Malware and Security: content centric security

2008/10/08

I was reading a New York Times article titled "Agency’s ’04 Rule Let Banks Pile Up New Debt". It is a pretty damning article on the SEC and describes a quiet decision made by them to allow investment banks to take on more debt than previously allowed under the assumption that the banks were able to manage their risk better with their newfangled computer models. This allowed Bear Stearns (R.I.P.) to raise it's leverage ratio to 33:1, which seems extraordinarily high. Anyway, while reading it I stumbled over this paragraph:

A lone dissenter — a software consultant and expert on risk management — weighed in from Indiana with a two-page letter to warn the commission that the move was a grave mistake. He never heard back from Washington.

The software consultant was Leonard D. Bole, of Valparaiso, Ind. and he was expressing doubts that computer models could protect companies seeing that they had failed to do so in the collapse of a hedge-fund in 1998 and the market plunge in 1987. While I have my doubts that any computer model can calculate risk well enough and certainly increasing allowed leverage ratios seems just plain daft, I think the current credit crisis is now just down to trust. Or the lack of it.

So, if it is a trust problem, how would a computer scientist approach the problem? First of all, I need to point out that trust is really a human issue, so there is a limit to how much computers can help, just as I doubt we can model risk. However, one of the problems is that there is a certain degree of mortgages that are of too high risk, but banks don't know what their exact exposure is, let alone that of their competitors. The result is that no one trusts each other and the capital market has suffered a form of seizure or heart attack.
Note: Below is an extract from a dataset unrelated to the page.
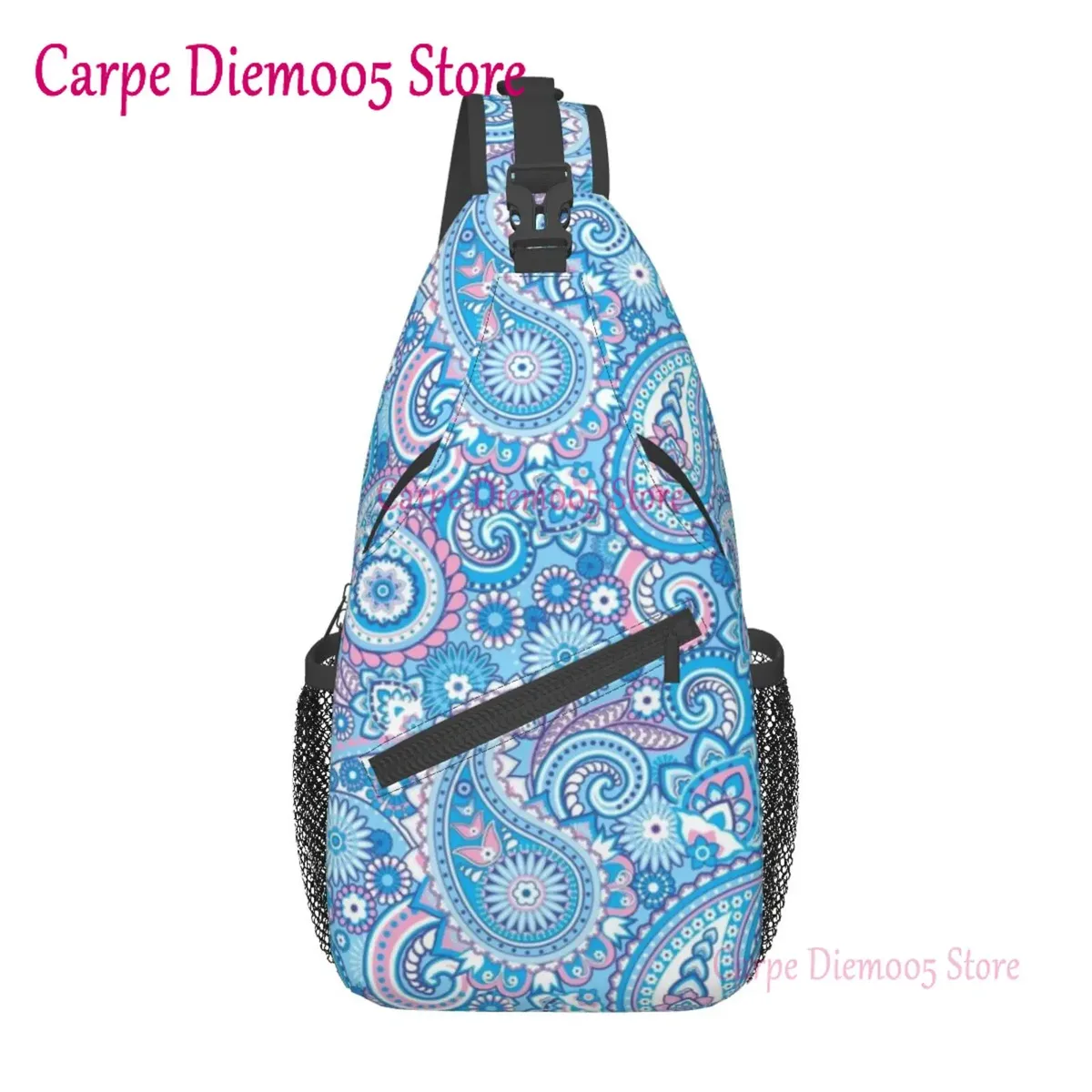 sac à dos bandana paisley chicano noir et blanc pour hommes, sac à bandoulière pour la randonnée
A couple of years I was leading a project exploring Data Centric Security and as a part of my research I looked into provenance. We never had time to weave it into the model properly, but identified it as an important aspect that eventually needed to be included. But, wait. What is provenance?

Take paper. Paper documents have great provenance. You fill out a form, hand it in. It gets handled, gets coffee stains over it, stapled to other documents, stamped, filed, refiled, etc. By examining a paper document you get a feeling for where that document has been and what it went through. That is provenance.

Unfortunately, electronic documents don't have provenance out of the box. Luckily, there has been some research into how provenance can be added. The project I was exposed to at IBM Research was the EU Provenance Project that was a part of the European Commission's Sixth Framework Programme, bless their cotton socks. Their proposed architecture, if I remember correctly, was to place hooks in document processing which record document use (CRUD operations: create, read, update, delete). Though I'm not sure if that is the way I would have done it, it certainly work work unless someone cheated or didn't implement the hooks, though I assume that would be uncovered the next time the provenance recording system saw the document.

How would provenance help in the credit crisis? If we just isolate the problem of sub-prime mortgages (and my brother, who knows much more about the financial industry assures me that there are a whole pile of other problems) it does look like a provenance problem to me. From my perspective as an outsider, what seemed to be happening was that these sub-prime mortgages were being sold, repackaged with other debt, sold again and so on. In the end, the last one in the chain didn't know what he/she was actually getting. The lack of provenance of these aggregate debt packages meant it wasn't possible to sufficiently well calculate what the risk was (in itself a dubious thing, but made even more difficult in this case.)

Remember that all financial instruments is really just a document of sorts that we attach a value to. The document has no intrinsic value. Take currency: The dollar bill has no real value. You can't eat it. It doesn't produce a lot of energy when burned. However, we place a certain amount of trust in it as the intricate design and the type of paper tells us that it comes from a trusted source: in this case the US Treasury. The provenance of this bill allows us to accept that the risk is low that the extrinsic value is not one dollar, US.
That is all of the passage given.